Logging implementation

There is a standard Python logging module for logging in SKA projects. This module ensures that messages are formatted correctly according to our formatting standards.

For details on how to use the logging module with detailed examples, please refer to: https://gitlab.com/ska-telescope/ska-logging/tree/master#ska-logging-configuration-library

Unicode guidelines

For maximum compatibility, we need to assume that writing non-ASCII characters to the console or to files will not work.

Including C Code

  • When C extensions are used, the Python interface for those extensions must meet the aforementioned Python interface guidelines.

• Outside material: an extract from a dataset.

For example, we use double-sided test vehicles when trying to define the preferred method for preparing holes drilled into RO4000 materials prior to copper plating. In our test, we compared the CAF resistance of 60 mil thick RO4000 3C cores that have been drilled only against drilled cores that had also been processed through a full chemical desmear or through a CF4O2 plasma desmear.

  • The use of Cython is strongly recommended for C extensions. Cython extensions should store .pyx files in the source code repository, but they should be compiled to .c files that are updated in the repository when important changes are made to the .pyx file.

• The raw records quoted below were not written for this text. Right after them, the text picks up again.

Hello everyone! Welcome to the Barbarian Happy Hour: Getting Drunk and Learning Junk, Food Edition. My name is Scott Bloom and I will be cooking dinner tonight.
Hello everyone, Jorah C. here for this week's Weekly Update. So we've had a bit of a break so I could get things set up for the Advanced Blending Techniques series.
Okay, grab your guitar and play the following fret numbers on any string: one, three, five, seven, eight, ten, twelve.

  • In cases where C extensions are needed but Cython cannot be used, the PEP 7 Style Guide for C Code is recommended.

Examples

This section shows examples in order to illustrate points from the guidelines.

Properties vs. get_/set_

This example shows a sample class illustrating the guideline regarding the use of properties as opposed to getter/setter methods.

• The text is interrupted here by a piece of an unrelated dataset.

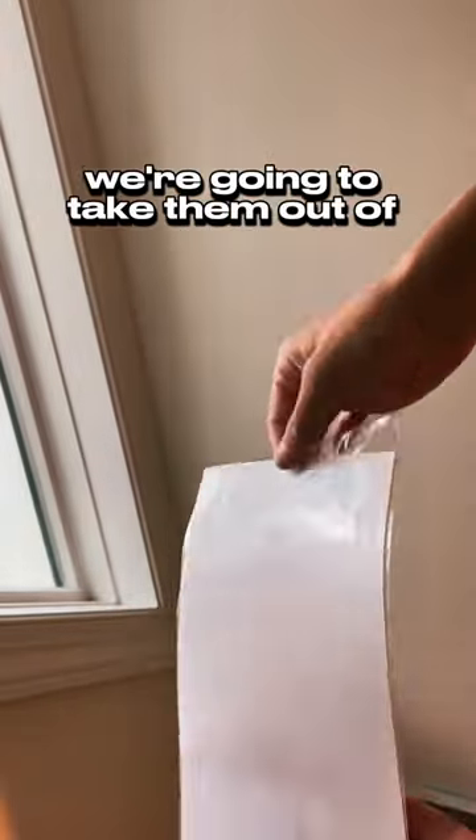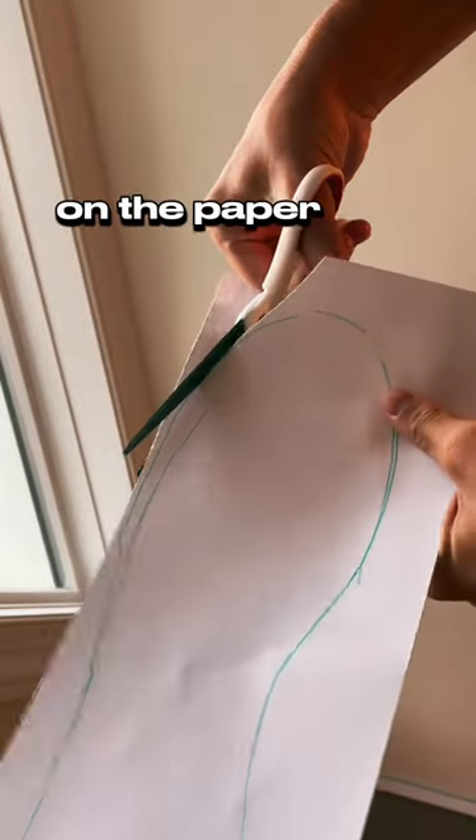This is a quick tutorial on how to apply the sole protectors. Take them out of the package, then you're going to need a marker to trace on the paper side.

Let’s assuming you’ve defined a ':class:`Star`' class and create an instance like this:

>>> s = Star(B=5.48, V=4.83)

You should always use attribute syntax like this:

>>> s.color = 0.4
>>> print(s.color)
0.4

Using Python properties, attribute syntax can still do anything possible with a get/set method. For lengthy or complex calculations, however, use a method:

>>> print(s.compute_color(5800, age=5e9))
0.4

super() vs. Direct Calling

By calling super() the entire method resolution order for D is precomputed, enabling each superclass to cooperatively determine which class should be handed control in the next super() call:

# This is safe

class A(object):
    def method(self):
        print('Doing A')

class B(A):
    def method(self):
        print('Doing B')
        super().method()


class C(A):
    def method(self):
        print('Doing C')
        super().method()

class D(C, B):
    def method(self):
        print('Doing D')
        super().method()
>>> d = D()
>>> d.method()
Doing D
Doing C
Doing B
Doing A

As you can see, each superclass’s method is entered only once. For this to work it is very important that each method in a class that calls its superclass’s version of that method use super() instead of calling the method directly. In the most common case of single-inheritance, using super() is functionally equivalent to calling the superclass’s method directly. But as soon as a class is used in a multiple-inheritance hierarchy it must use super() in order to cooperate with other classes in the hierarchy.

Note

For more information on the the benefits of super(), see https://rhettinger.wordpress.com/2011/05/26/super-considered-super/

Acceptable use of from module import *

from module import * is discouraged in a module that contains implementation code, as it impedes clarity and often imports unused variables. It can, however, be used for a package that is laid out in the following manner:

packagename
packagename/__init__.py
packagename/submodule1.py
packagename/submodule2.py

In this case, packagename/__init__.py may be:

"""
A docstring describing the package goes here
"""
from submodule1 import *
from submodule2 import *

This allows functions or classes in the submodules to be used directly as packagename.foo rather than packagename.submodule1.foo. If this is used, it is strongly recommended that the submodules make use of the __all__ variable to specify which modules should be imported. Thus, submodule2.py might read:

from numpy import array, linspace

__all__ = ['foo', 'AClass']

def foo(bar):
    # the function would be defined here
    pass

class AClass(object):
    # the class is defined here
    pass

This ensures that from submodule import * only imports ':func:`foo' and ':class:`AClass', but not ':class:`numpy.array' or ':func:`numpy.linspace'.

. _python-packaging:

Packaging & Dependencies

SKA python packages use Poetry for packaging & dependency management.

Acknowledgements

The present document’s coding guidelines are derived from project Astropy’s coding guidelines.